* [About this exercise] Leaving pictures out, repeat word for word the line that has "Plüsch Spielzeug Bienenpuppe" and each line that follows it to the end of the listing.

Records for processing: Begin

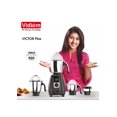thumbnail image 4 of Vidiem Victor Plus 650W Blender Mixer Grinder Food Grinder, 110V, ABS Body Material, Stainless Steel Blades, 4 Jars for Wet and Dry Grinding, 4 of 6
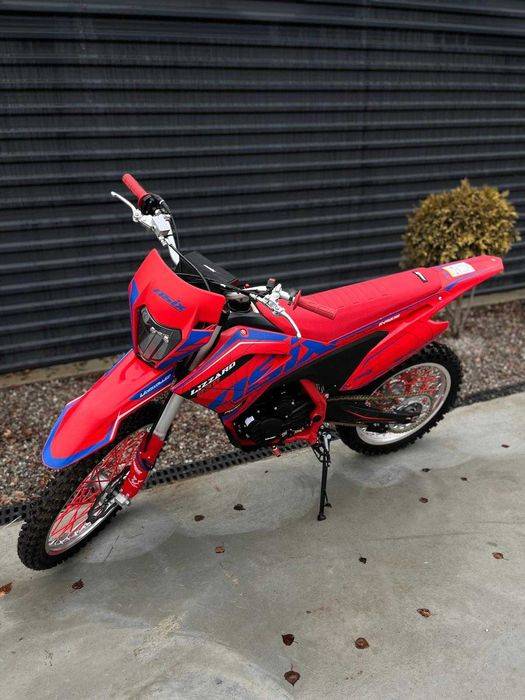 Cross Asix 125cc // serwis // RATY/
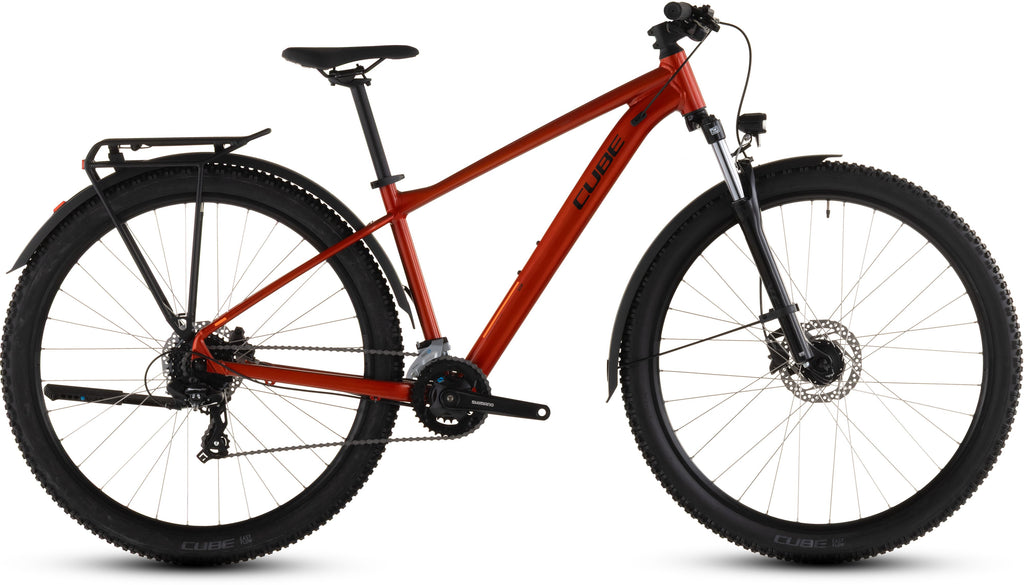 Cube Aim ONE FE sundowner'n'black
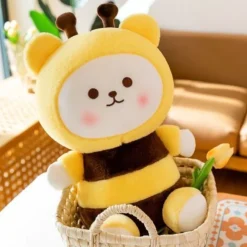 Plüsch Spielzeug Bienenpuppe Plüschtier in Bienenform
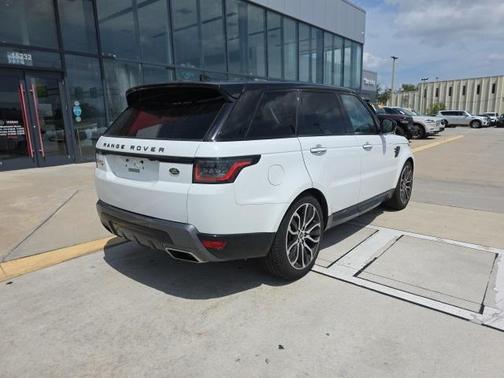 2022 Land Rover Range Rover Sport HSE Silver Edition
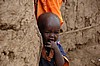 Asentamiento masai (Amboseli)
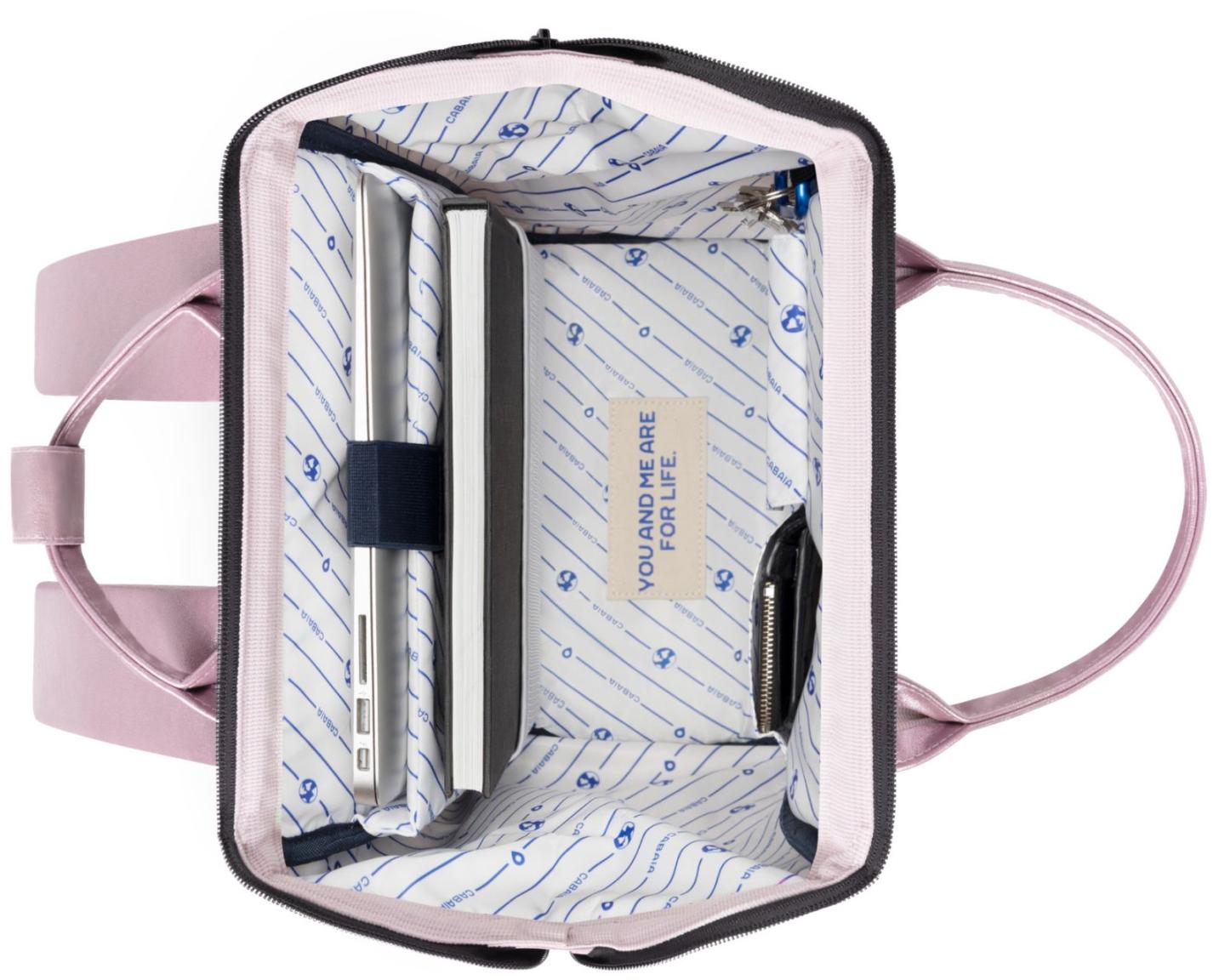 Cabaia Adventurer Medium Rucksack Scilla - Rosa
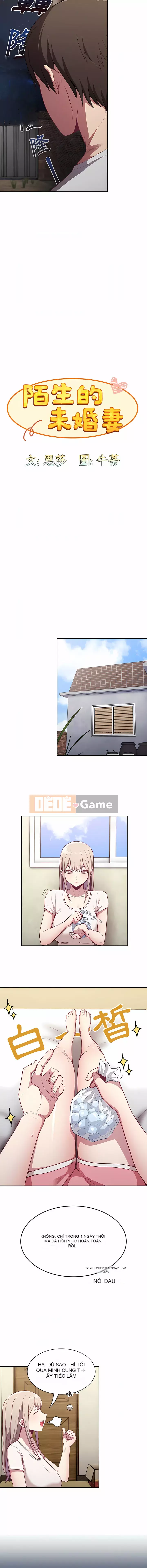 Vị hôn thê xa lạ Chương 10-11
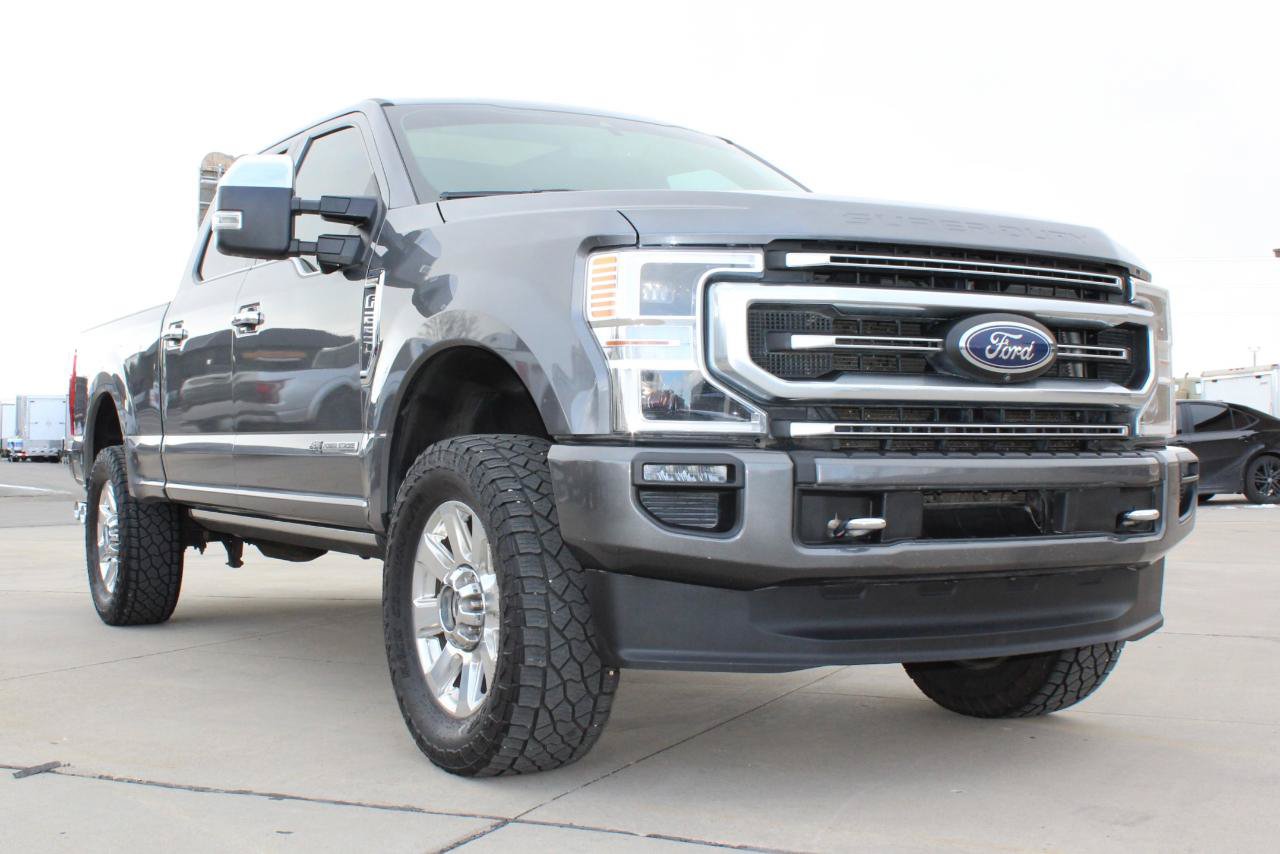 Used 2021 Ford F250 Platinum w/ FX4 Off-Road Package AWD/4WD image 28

Records for processing: End

* [Answer to this task]
 Plüsch Spielzeug Bienenpuppe Plüschtier in Bienenform
 2022 Land Rover Range Rover Sport HSE Silver Edition
 Asentamiento masai (Amboseli)
 Cabaia Adventurer Medium Rucksack Scilla - Rosa
 Vị hôn thê xa lạ Chương 10-11
 Used 2021 Ford F250 Platinum w/ FX4 Off-Road Package AWD/4WD image 28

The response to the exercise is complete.